Two decades after the start of the standards and testing era in education, which vowed to hold public schools accountable for firm measures of student achievement, efforts are underway to  hold higher education institutions to the same standard. It’s not an idea that everyone in the ivory tower is rushing to embrace.

Just as K-12 assessments are moving away from absolute measures of student achievement and toward so-called “growth models,” leaders of the higher education effort say the aim should not be to measure absolute student performance levels after four years of college — which may only measure the caliber of students a school is able to draw — but to gauge the degree of growth in student skills during their time on campus.  

“We used to hear a lot more of, ‘The value of college can’t be measured,’ and now we hear more of, ‘Let’s talk about how we can measure,’” David Paris, executive director of the New Leadership Alliance for Student Learning and Accountability, tells the New York Times.

The nonprofit New Leadership Alliance, an advocacy group formed by a coalition of high education organizations, issued guidelines in January calling on US colleges and universities to gather data on “evidence of student learning” and publicly release their results.  Yesterday’s Times story reports that more than 1,000 colleges may already be using one of several national assessments that would permit such an evaluation.  

Existing benchmarks for higher education tend to track front-end inputs such as average SAT scores of entering students, or end-of-the-line markers like graduation rates. But these provide no real measure of student learning during the college experience.  The push for such assessment has gained steam from critiques like Academically Adrift: Limited Learning on College Campuses, by Richard Arum and Josipa Roksa, published last year. The book, based on a data from US college students, contends that more than one-third of students make no gains critical thinking skills during four years of college.  

But measuring such skills isn’t necessarily easy. “I’m not sure any standardized test can effectively measure what students gain in problem-solving, or the ability to work collaboratively,” Alice Gast, president of Lehigh University, told the Times.

The effort is part of a broader call for more accountability in higher education. In Massachusetts, the current focus is the state’s public community college system. A report issued in November by The Boston Foundation calls for more centralized oversight of the 15-campus system in order to ensure that the community colleges are aligning their programs with the workforce needs of the state economy. As with the accountability effort among four-year colleges, the community college report drew pushback from leaders at the state campuses who vow to fight any limits on their autonomy.

But with college graduates swimming in billions of dollars of student debt, including more than 2 million Americans 60 or older who still owe on student loans, the drive to try to determine the tangible gains students get from college is not likely to go away.

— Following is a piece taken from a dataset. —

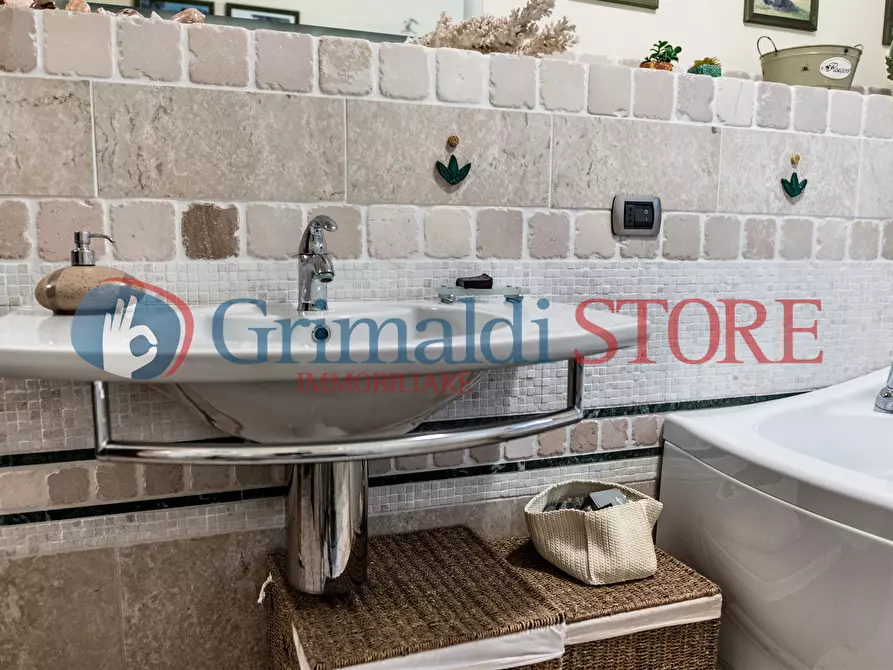 Immagine 67 di Villa in vendita  a Grottaglie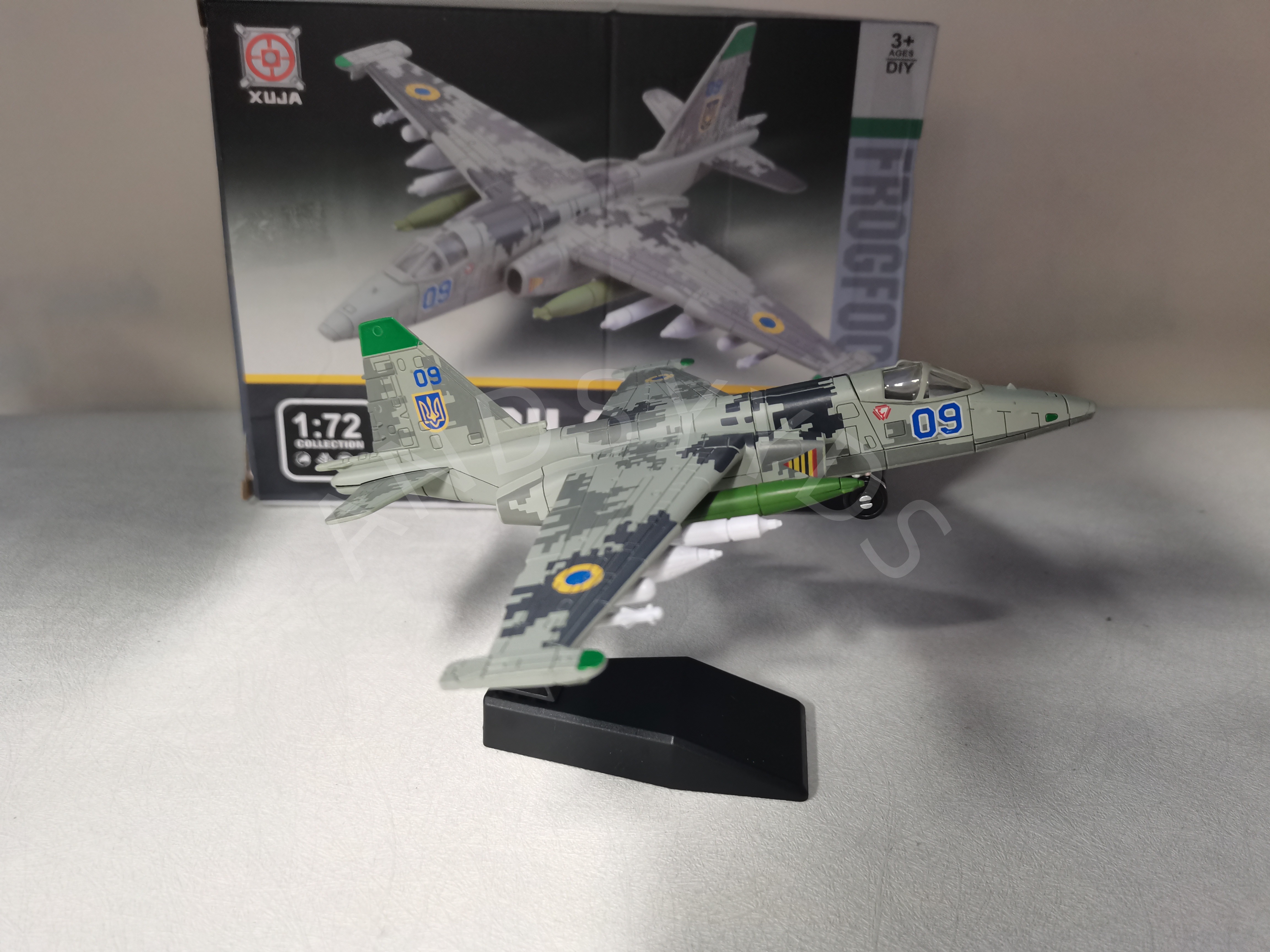 ABS 飛行機モデル SU-25 組立シミュレーション プラスチックモデル戦闘爆撃機航空機ミリタリーディスプレイスケールモデルクリエイティブギフト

                                                                                                                                    –MICHAEL JONAS

BEACON HILL

Although former  treasurer Tim Cahill has said his ramped up spending on lottery ads in 2010 — for which he now faces corruption charges — was an effort to counter damaging Republican Governors Association ads that were threatening lottery sales, the Globe reported yesterday that Cahill maintained at the time that the attacks were having no effect and that lottery sales remained strong. The Beat the Press panel wonders if the media is going soft on Cahill. Banker & Tradesman columnist Scott van Voorhis says the Cahill scandal begs questions about why Massachusetts lets the treasurer, not the governor, run the Lottery. And yet another look at what the person who made all this possible, Martha Coakley, might be up to.

Republican Charlie Baker chats with NECN’s Alison King, and she concludes he wlll run for governor again. (He’s also citing a MassINC report on job losses during the last decade.)

A coalition of labor forces and advocacy groups is pushing to hike the state’s income and capital gains tax rates to offset budget gaps and service cuts. Salem Mayor Kim Driscoll is leading the effort to require online retailers to collect Massachusetts sales tax, the Salem News reports.  The Globe also tees up the online tax effort, which is being driven by brick-and-mortar retailers.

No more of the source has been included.